» **Image-caption web data**
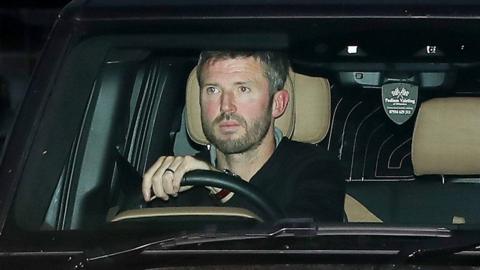 Manchester United head coach Michael Carrick leaves the club's Carrington training ground in his car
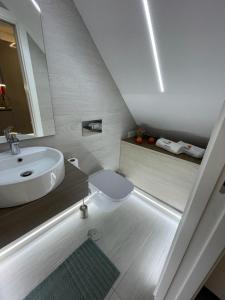 uma casa de banho branca com um lavatório e um WC em Light Wave Nazare Center 50m Beach na Nazaré
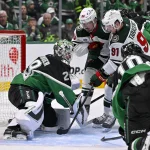 Apr 20, 2026; Dallas, Texas, USA; Minnesota Wild left wing Marcus Johansson (90) and right wing Vladimir Tarasenko (91) attempt to poke the puck past Dallas Stars goaltender Jake Oettinger (29) during the third period in game two of the first round of the 2026 Stanley Cup Playoffs at American Airlines Center.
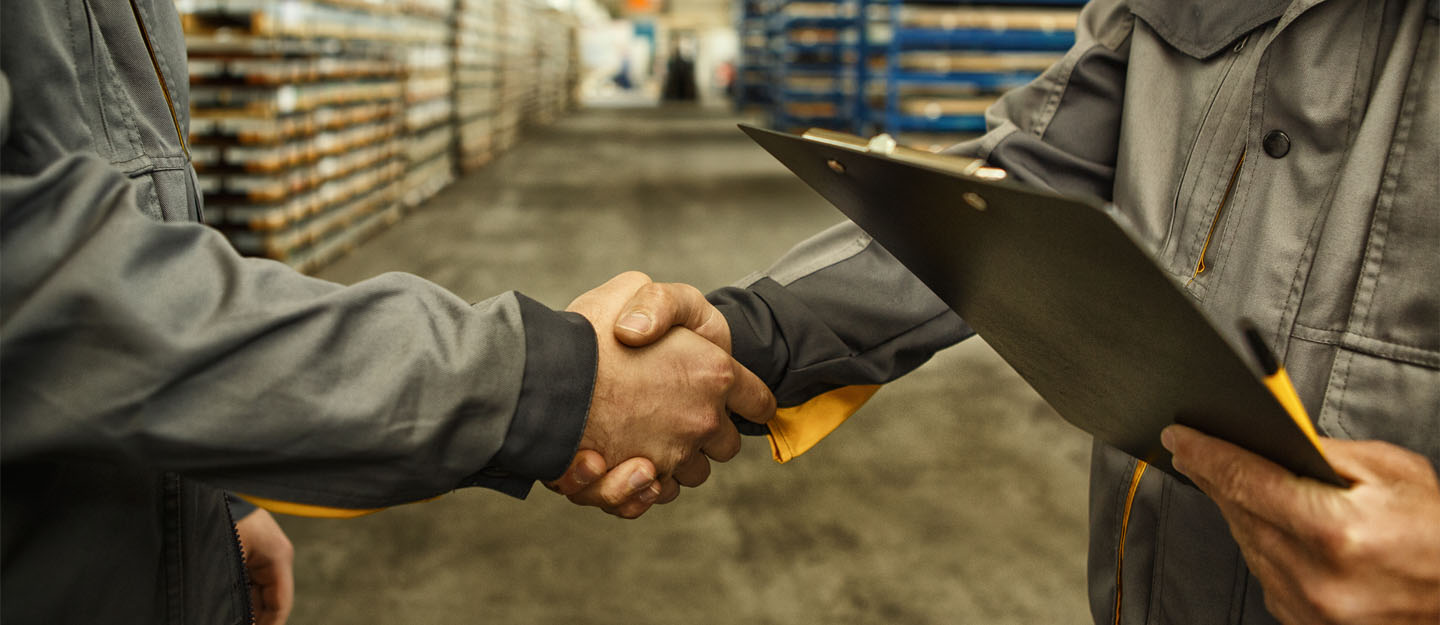 شخصان يصافحان بعضهما في مستودع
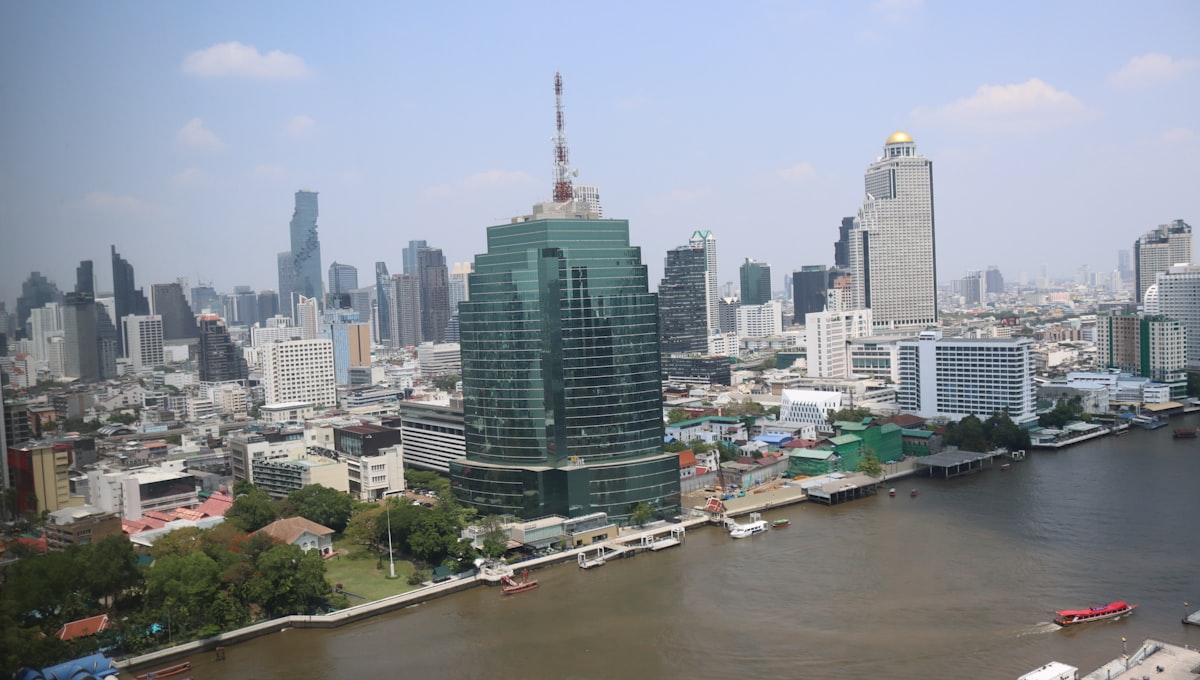 a large body of water with a city in the background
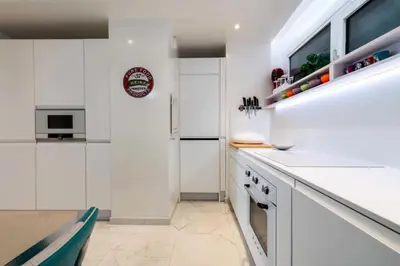 a kitchen with white cabinets and a counter top at Résidence 3p Résidence De Standing, Avec Vue Mer & Piscine - 3P résidence de standing, avec vue mer & piscine MAE-1933 in Cannes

» **TASK STATEMENT**
While skipping the pictures, transcribe the data above from the line showing "Apr 20, 2026;" through the line showing "a large body", exactly and with both ends.

» **WORKED SOLUTION**
 Apr 20, 2026; Dallas, Texas, USA; Minnesota Wild left wing Marcus Johansson (90) and right wing Vladimir Tarasenko (91) attempt to poke the puck past Dallas Stars goaltender Jake Oettinger (29) during the third period in game two of the first round of the 2026 Stanley Cup Playoffs at American Airlines Center.
 شخصان يصافحان بعضهما في مستودع
 a large body of water with a city in the background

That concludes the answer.